Психологам-фрейдистам тоже стоило бы написать работу об «Исповеди»: именно для подобных случаев и создана психоаналитическая проблематика. Не забудем, однако, что в разумном существе столь высокого от природы качества болезнь лишь делает рельефной и, так сказать, выводит на чистую воду логику тех или иных духовных первооснов.
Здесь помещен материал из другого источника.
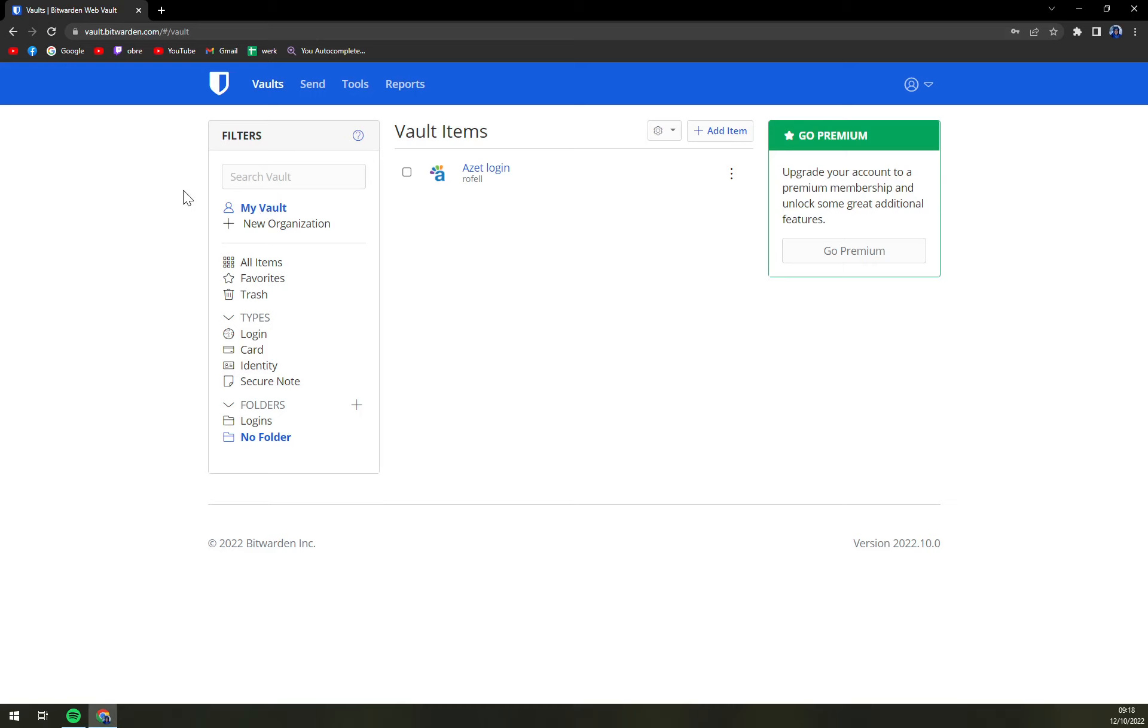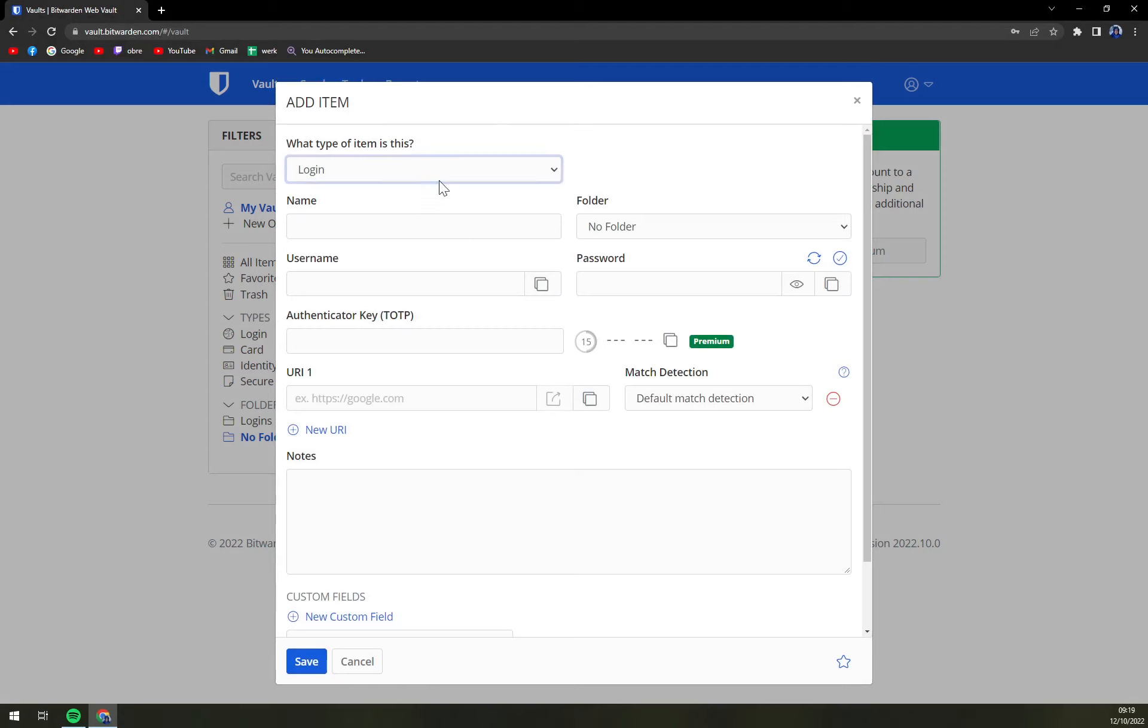You have to just log in or create an account at Bitwarden and then on top is add new item. Once we click there,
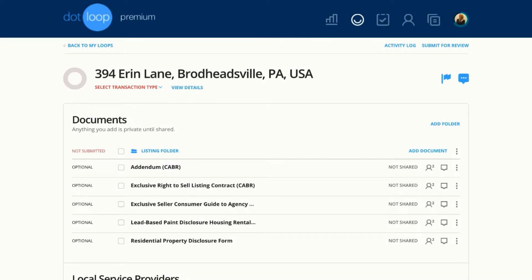Loopers, we have very exciting news — you can now drag and drop between folders within a loop instead of having to make a copy.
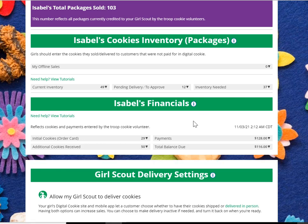Remember that this information relies on your troop cookie volunteer updating it, so please be patient. It may take a few days after you have received additional cookies or made a payment for her to update it. If it's been a while and you still have questions, please reach out to your troop cookie volunteer, who can assist you in interpreting this information.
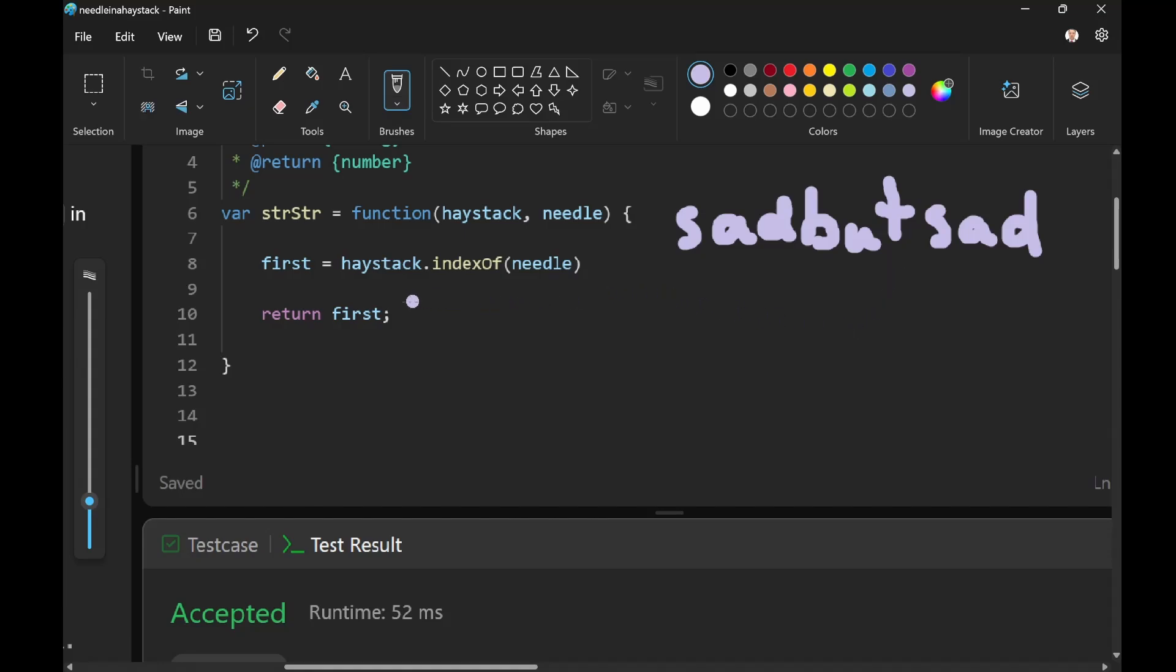And we're going to say first equals haystack dot indexOf needle. Needle is sad. So if we check for the index of sad in sad but sad, then it will return zero.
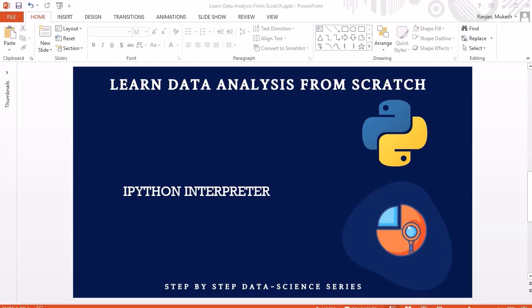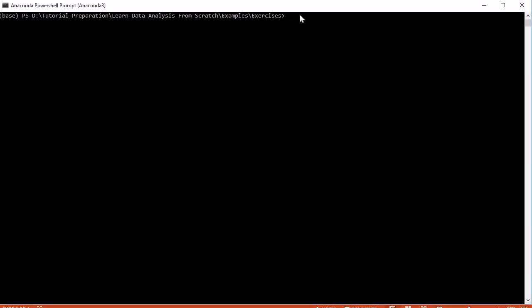Now, what actually is the IPython interpreter? To answer that, I would like to remind you of some points from my earlier course, 'Learn Coding from Scratch with Python 3', where I mentioned that Python is an interpreted language. The behavior of an interpreted language is that the interpreter executes code line by line.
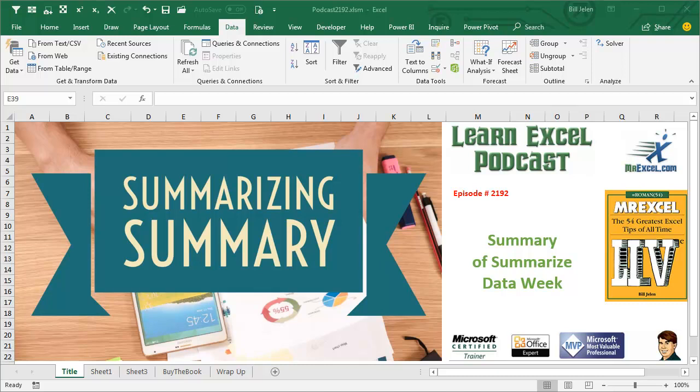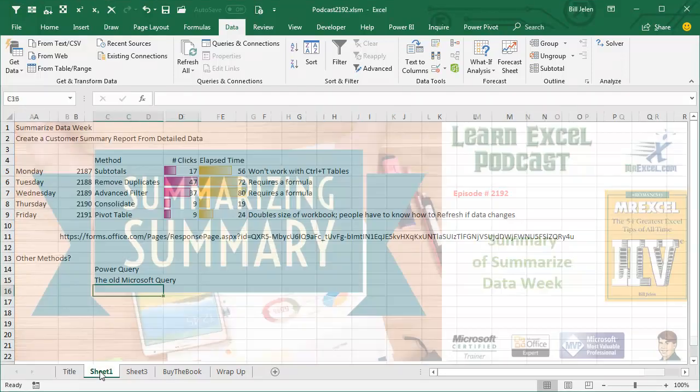Learn Excel from MrExcel Podcast, Episode 2192: Summary of Summarize Data Week.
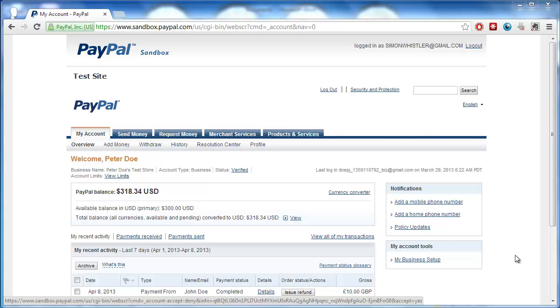You are not actually going to need eBay for this part of the tutorial, so we will navigate straight to our PayPal account, located at www.paypal.com.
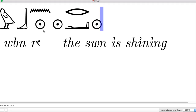This is the sun — it's the hieroglyph for the sun, and it works here as a determinative. So it tells us that this word has something to do with the sun. W-B-N is a verb in Egyptian, and it means to shine or to rise.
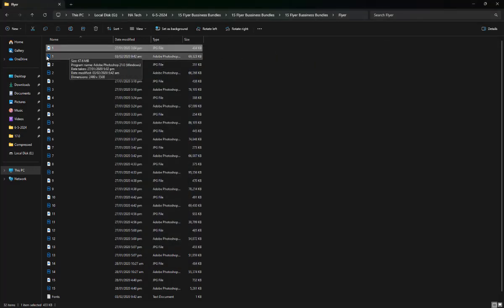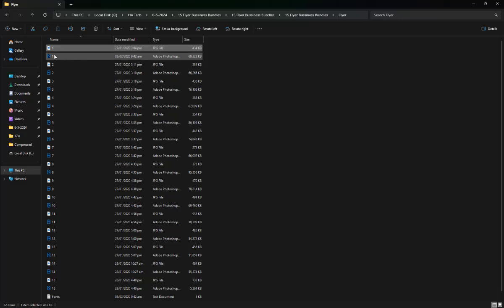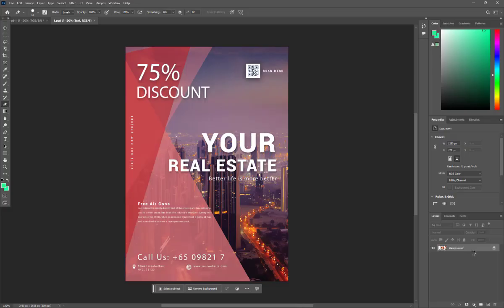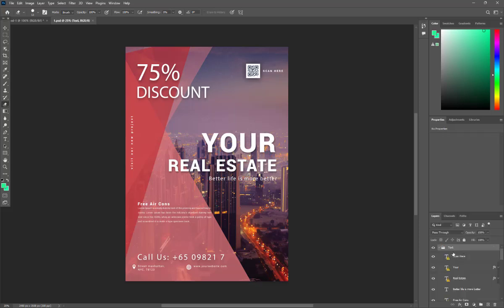Open the 15 Business Flare Bundle in Photoshop. Open this one — you can see here a layer area.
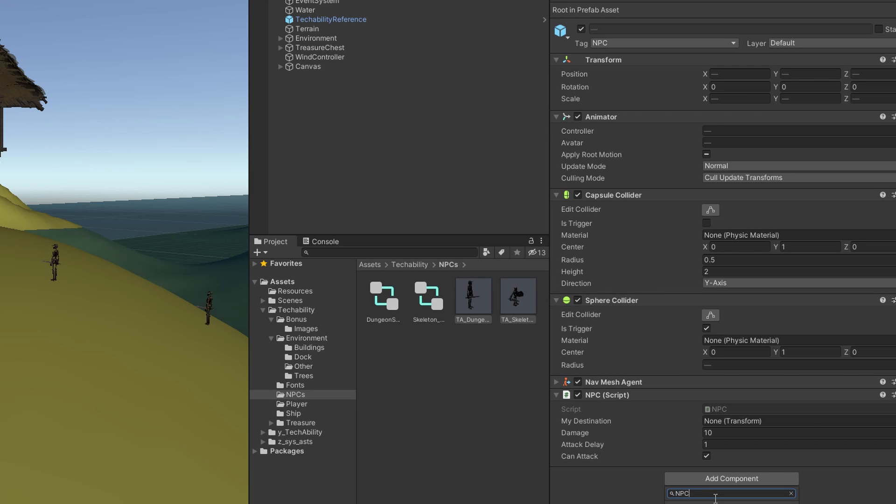But this time, we're going to type NPC underscore health. Hit enter and then create and add.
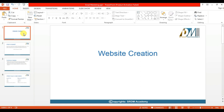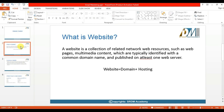Hi, in this session we are going to see about website creation. So what is a website? A website is a collection of related network web resources such as pages and multimedia content, which are typically identified with a common domain name and published on at least one web server.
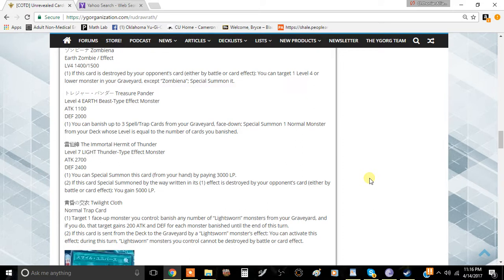I also think this is kind of good because there aren't many ways to gain life points without playing obscure cards or Upstart Goblin. So anyway, tell me what you think about this card in the comments below.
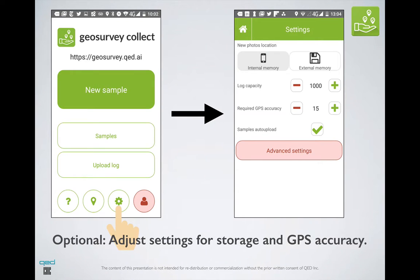Our current recommendation is to not play too much with these settings. We do not want the required GPS accuracy threshold to be too high, or else your data will not be very accurately geo-referenced, and it will be hard to know exactly where you took this picture — which is really important for geospatial mapping.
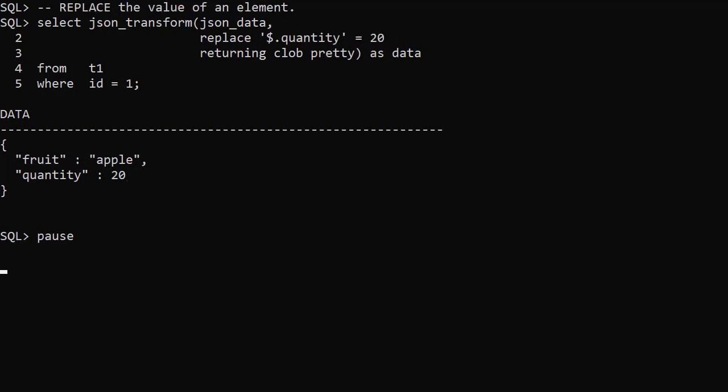The REPLACE operation is similar to SET. But if the element doesn't already exist it doesn't get created. Here we set the quantity value to 20.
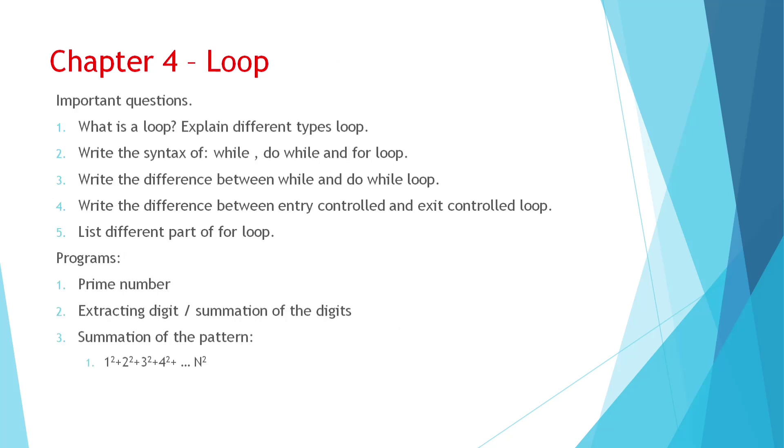Chapter 4. Here there are not many inside questions. Directly some direct questions are there that you can go through it. Like, what is a loop? Explain different types of loop.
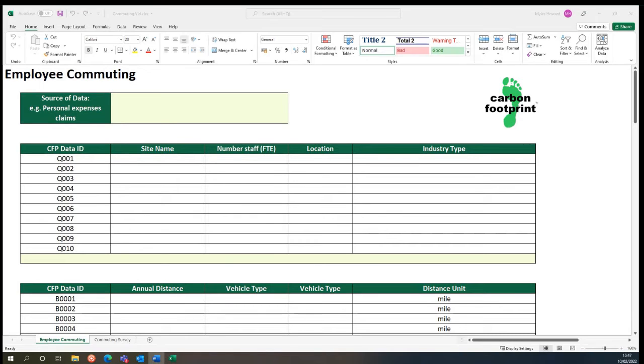This is also a requirement under the UK's PPN 0621 reporting and covers the commuting scope-free emissions category required for a number of reporting methods such as science-based targets.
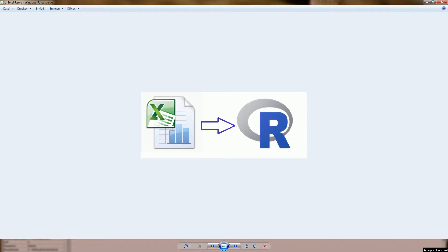Hi there and welcome! In this video I want to show you some examples of charts that were created with the free R software and why it might be a good idea to use charts made by R rather than standard Excel charts.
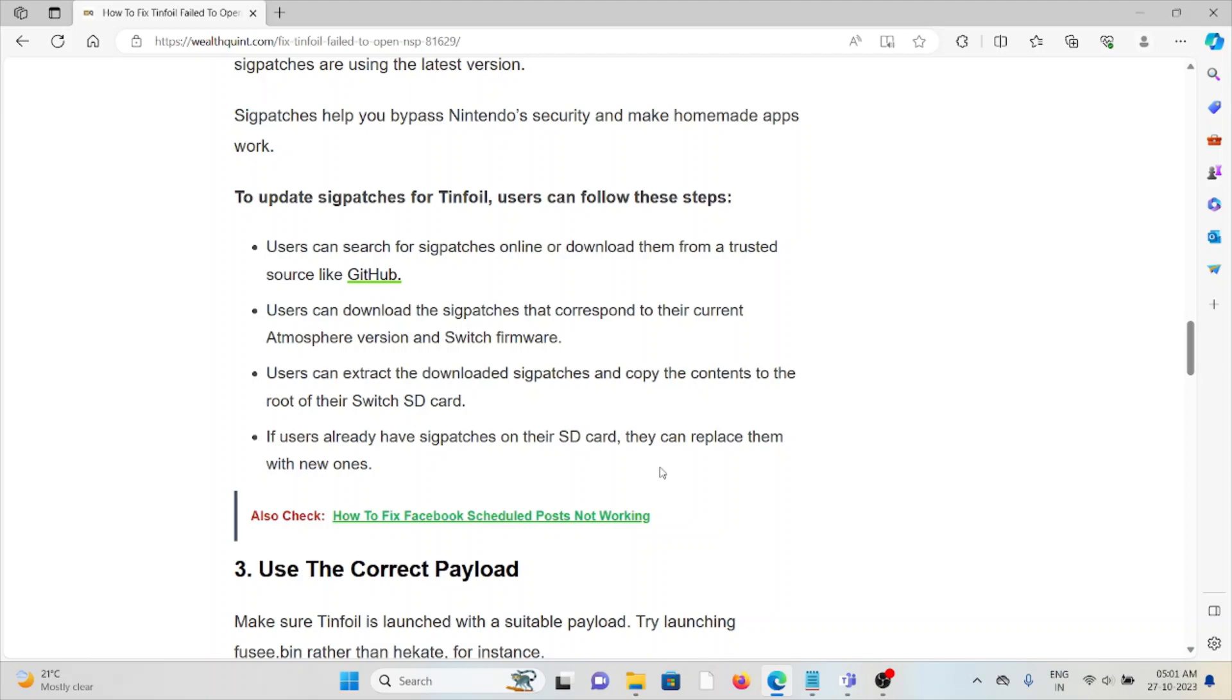Extract the downloaded sigpatches and copy the contents to the root of your Switch SD card. If you already have sigpatches on your SD card, replace them with the new ones.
Непоправимый психологический надлом, о котором здесь говорилось, произошел, вероятно, в 1749 г. (год написания «Рассуждения о науках и искусствах»). В это время одновременно обнаружились и литературный гений, и собственно душевная болезнь Руссо. Вскоре она проявилась в кризисе восторженности и «ухода от света», о котором мы скажем несколько ниже (см. с. 236 и прим. 123). «Чтобы его усилия, наконец, скоординировались, потребовались систематизация бредовых состояний и маниакальное возбуждение» (V. Demote. Op. cit., p. 27).
[252]
«Второй диалог».
Смотрите, как, написав первое «Рассуждение», Руссо поселяется в одиночестве и работает переписчиком нот по десять су за страницу. Превратив свою робость и природную необщительность в средство приобретения той самой славы среди людей, о которой он прежде тщетно помышлял, Жан-Жак обрел своеобразное внутреннее равновесие; он преобразил себя, то есть начал мечтать не только в воображении, но и в действии, отпускать мечтательные образы на свободу не только в книгах, но и в жизни. «С этого времени я стал добродетелен — во всяком случае, упоен добродетелью». «Все сходилось к тому, чтобы порвать мои привязанности в этом мире… Я оставил свет и его пышность… во мне совершился великий переворот; перед глазами моими расстилался иной нравственный мир… С этого времени я полагаю начало своему совершенному отказу от мира» [253] .
[253]
«Исповедь», кн. VIII. Ср. «Третье мечтание» и «Второе письмо к г-ну де Мальзербу».